§ **Problem**: From the first line of the data below through the line holding "Gaming Glitter/Mirror Cake", output each line exactly and leave the pictures out.

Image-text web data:
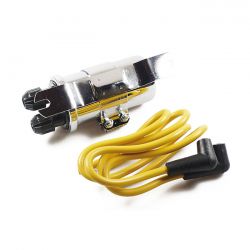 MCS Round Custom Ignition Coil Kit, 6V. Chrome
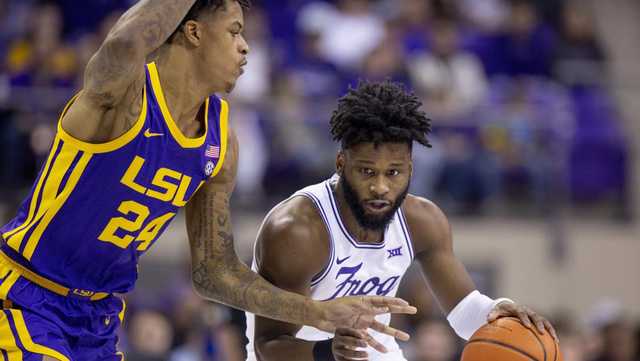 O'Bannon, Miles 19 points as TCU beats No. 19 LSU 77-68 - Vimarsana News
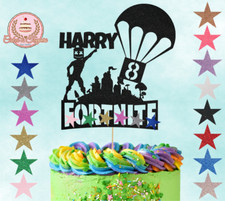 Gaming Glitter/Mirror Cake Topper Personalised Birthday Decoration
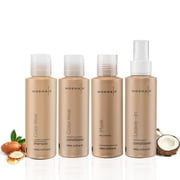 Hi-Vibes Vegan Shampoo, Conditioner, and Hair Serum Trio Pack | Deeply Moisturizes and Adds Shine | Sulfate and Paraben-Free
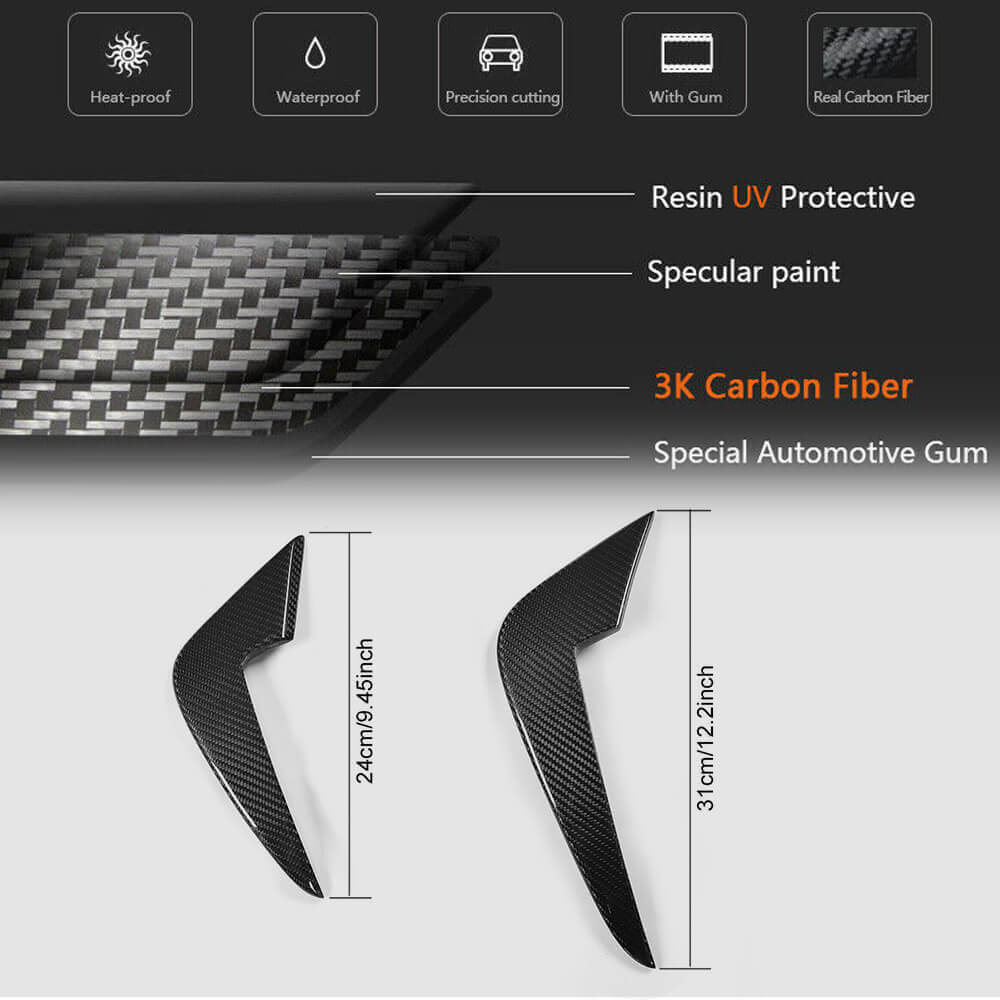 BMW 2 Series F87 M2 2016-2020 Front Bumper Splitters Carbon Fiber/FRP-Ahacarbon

§ **The answer**:
 MCS Round Custom Ignition Coil Kit, 6V. Chrome
 O'Bannon, Miles 19 points as TCU beats No. 19 LSU 77-68 - Vimarsana News
 Gaming Glitter/Mirror Cake Topper Personalised Birthday Decoration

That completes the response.